The tour began with a week in London, its suburbs and a play in Stratford-Upon-Avon, followed by a sea departure from the white cliffs of Dover, our arrival in France, a bus ride to Paris--less than a week in the city that takes years to know. One day was designated to the Louvre. Perhaps it was half of a day, but I clearly remember a crowd, a tour guide, a glimpse of the Venus de Milo, the requisite Mona Lisa, and hours later feeling tortured and hating the Louvre. It was too much for my young mind!
The next visit was with Tony who took the same approach as the student tour. Buy a ticket, see it all! At least until you pass out, your legs buckle, or they carry you out on a stretcher from art exhaustion.

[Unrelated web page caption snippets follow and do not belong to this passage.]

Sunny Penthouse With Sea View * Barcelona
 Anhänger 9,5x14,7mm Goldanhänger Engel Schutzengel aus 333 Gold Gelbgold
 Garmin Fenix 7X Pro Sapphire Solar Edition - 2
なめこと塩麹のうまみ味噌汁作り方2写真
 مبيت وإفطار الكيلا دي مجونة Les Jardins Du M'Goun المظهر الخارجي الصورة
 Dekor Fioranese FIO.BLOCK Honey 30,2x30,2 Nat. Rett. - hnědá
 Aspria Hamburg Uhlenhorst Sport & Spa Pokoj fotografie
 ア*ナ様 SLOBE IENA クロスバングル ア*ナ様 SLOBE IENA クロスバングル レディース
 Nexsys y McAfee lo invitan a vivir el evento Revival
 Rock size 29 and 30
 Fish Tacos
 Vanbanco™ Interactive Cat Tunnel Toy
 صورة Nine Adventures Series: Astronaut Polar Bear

Needless to say, the next trip, on my insistence, we avoided the Louvre. And the next.
But this time, something pulled me back to the Louvre, and it wasn't that it was just down the street!!
I'd matured, yes. And then Tony discovered the Friends of the Louvre pass--and as mentioned several times already, we went to the Louvre everyday. Dropping in on the world's art became a passion.
How did I reform?
I came to an understanding that the steps needed to appreciate the Louvre are similar to the steps needed to appreciate many un-appreciated things--or even the same steps if we accept the challenge of a deeper journey: How do we learn to love__________-- people we don't understand, cultures that seem weird, music we are not used to, a pesky acquaintance,---how do we learn to love an obnoxious child?
We learn to love the unloveable with time, dedication, study, patience, compassion, and the willingness to have a change of heart. The willingness to try again, and maybe even again.
Granted, an art museum is different than a bothersome neighbor or a screaming child, but the principle still holds. For that is another story...and another story I could tell... I dare you to write that story of your own. Experiment upon the principle.